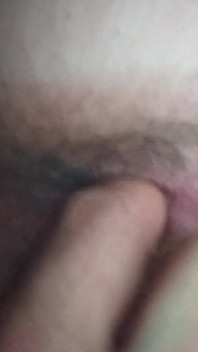 Dedos Culo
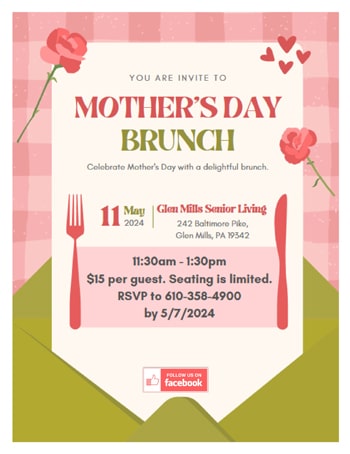 Mother's Day Brunch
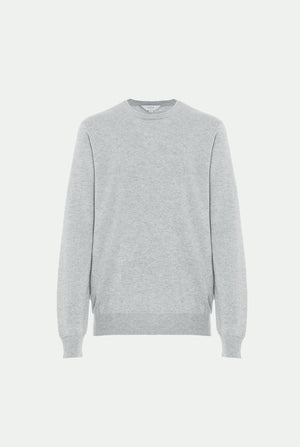 Cashmere crewneck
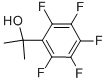 五氟苯基-2-异丙醇, 715-31-1, 结构式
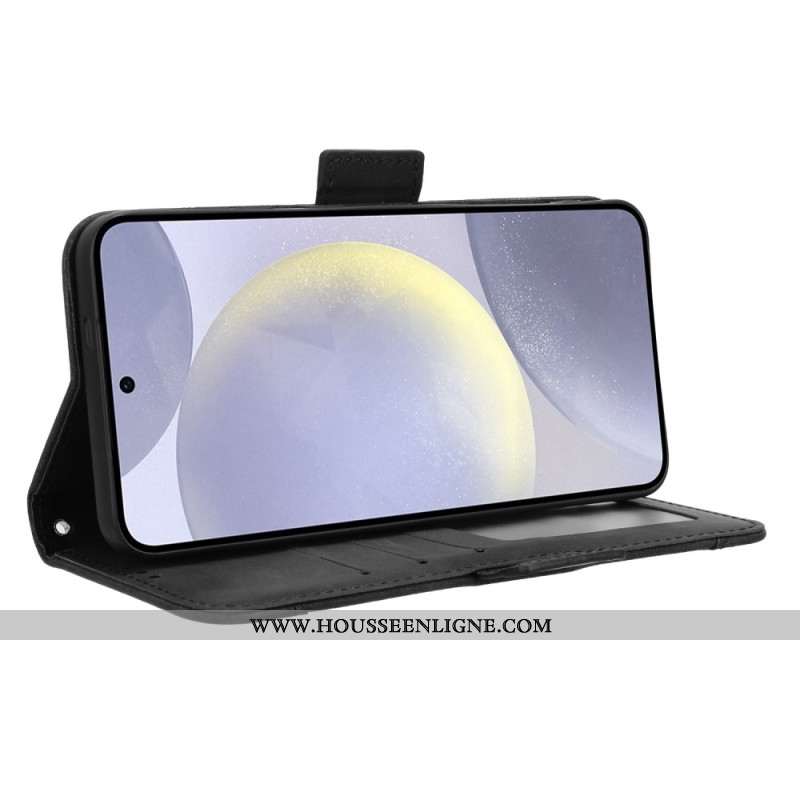 Housse Samsung Galaxy S25 FE Multi-Cartes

# What is expected:
Please transcribe exactly the lines from the one containing "Mother's Day Brunch" through the last line of the records above, both included, and leave out every picture.

# Output of the task:
 Mother's Day Brunch
 Cashmere crewneck
 五氟苯基-2-异丙醇, 715-31-1, 结构式
 Housse Samsung Galaxy S25 FE Multi-Cartes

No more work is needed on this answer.